# Gray Code Solution

23 November 2021

Statement

( The original statement can be found here )
A Gray code is a list of all $$2^n$$ bit strings of length n, where any two successive strings differ in exactly one bit (i.e., their Hamming distance is one).

Your task is to create a Gray code for a given length $$n$$.

Input
The only input line has an integer $$n$$.

Output
Print $$2^n$$ lines that describe the Gray code. You can print any valid solution.

Constraints
1 ≤ n ≤ $$16$$
Time limit : 1.00s
Memory limit : 512MB

Example

Input :
2

Output :
00
01
11
10

Solution

How can we generate all bit strings of length $$N$$ where two successive strings differ in exactly one bit?

If you read the statement carefully, you will notice a little hint. We are asked to "list all $$2^n$$ bit strings", which means that there is a way of reordering all the possible bit strings that satisfies our original requirements. It also indicates that generating this list might require doubling its size $$N$$ times (and that is indeed part of the solution).

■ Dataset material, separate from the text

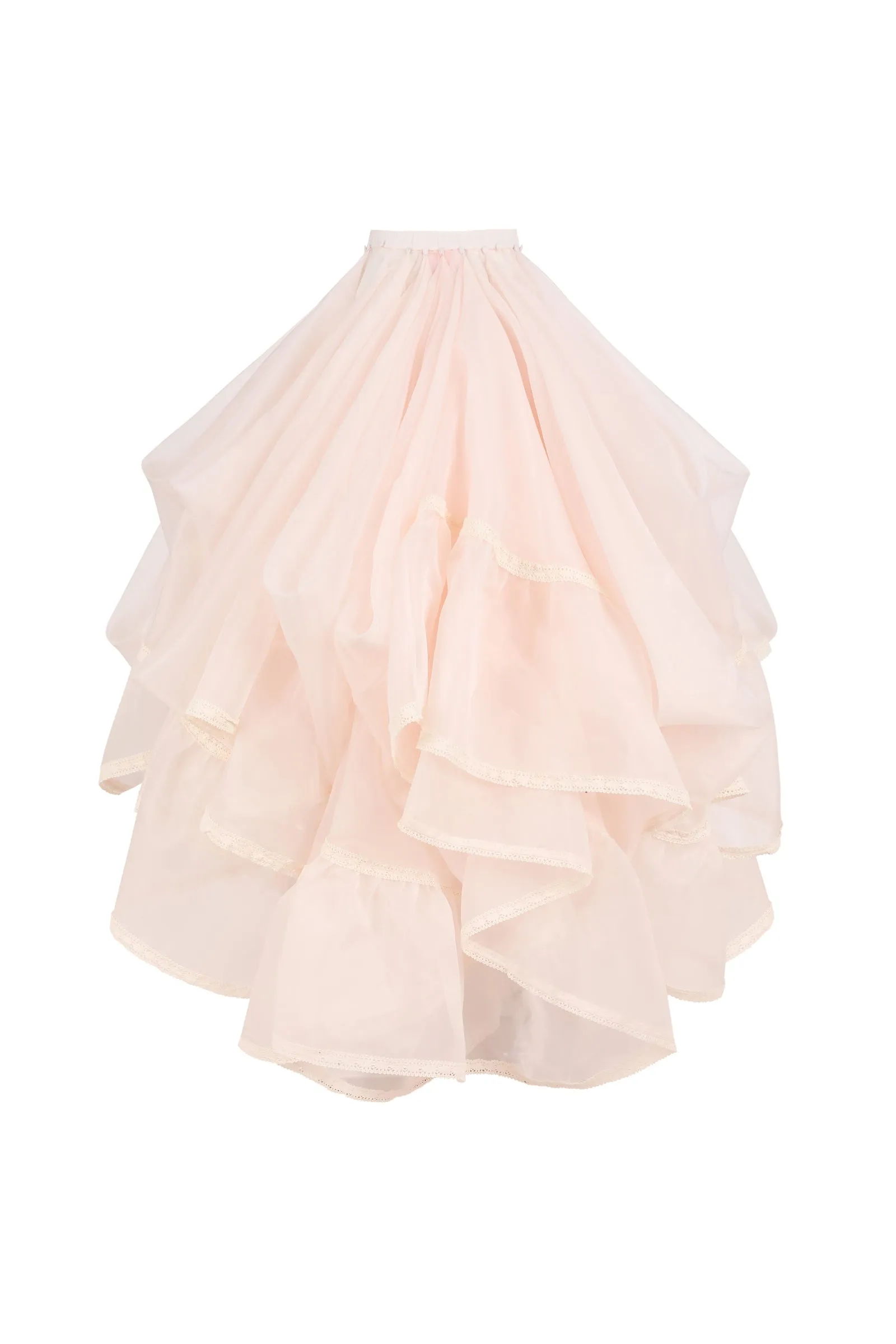 The Peach Skin Duchess Tournure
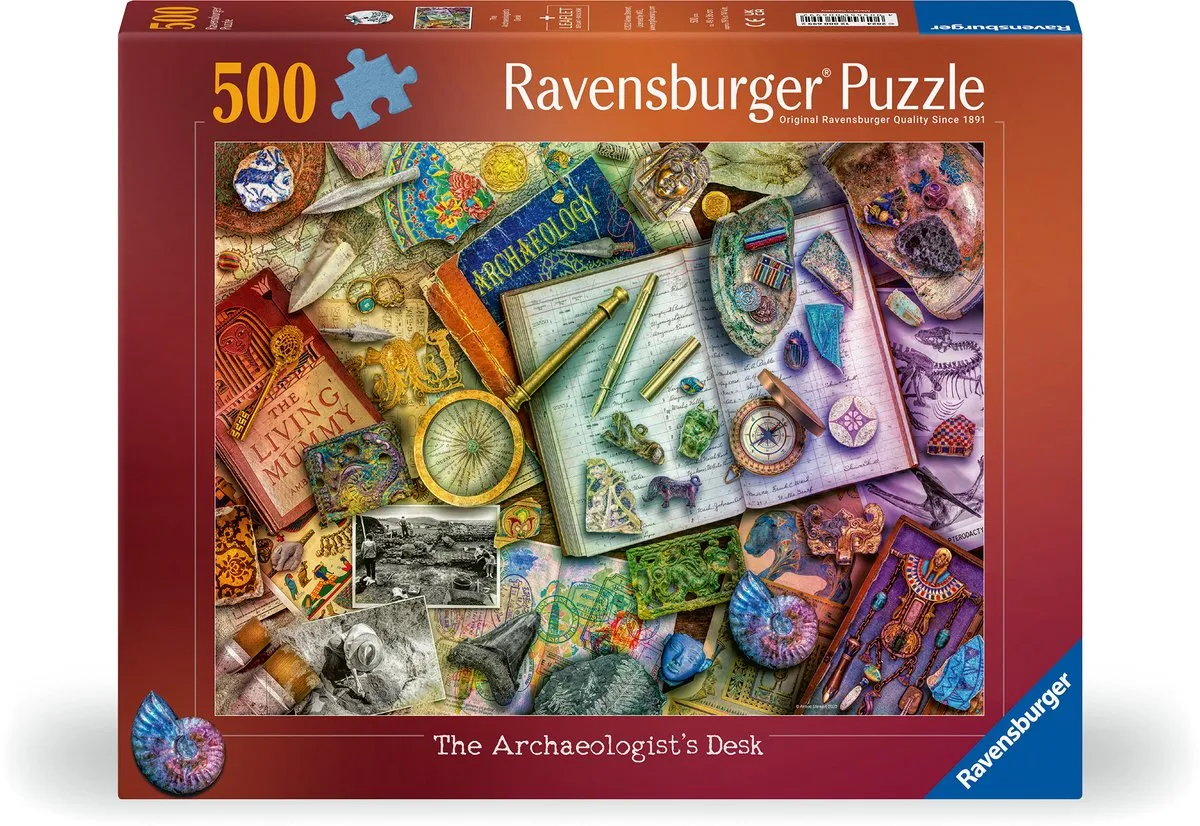 Ravensburger Archaeologist's Office Legpuzzel 500 Stuks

One possible solution to this problem is to start with a list of two elements {"0", "1"} . The idea is to duplicate this list and append it to the original list in reverse order, so that we get {"0", "1", "1", "0"} . The final step is to append a "0" to the first half and a "1" to the second half of the resulting list. We only need to repeat this process $$N$$ times. The trick is to understand that by reversing and appending a copy of the list to the original, the middle elements are the same, differing only by the newly added bit.

#include <bits/stdc++.h>
using namespace std;

int main() {
int n;
cin >> n;
vector<string> gray_code;
gray_code.push_back("");
for (int i = 0; i < n; i++) {
int size = gray_code.size();
for (int j = size - 1; j >= 0; j--) {
gray_code.push_back(gray_code[j]);
}
size *= 2;
for (int j = 0; j < size; j++) {
if (j < gray_code.size() / 2) {
gray_code[j] += "0";
} else {
gray_code[j] += "1";
}
}
}
for (int i = 0; i < gray_code.size(); i++) {
cout << gray_code[i] << endl;
}
}


Since we have to generate every possible string and store it in a list, the time and space complexities are $$O(2^n)$$.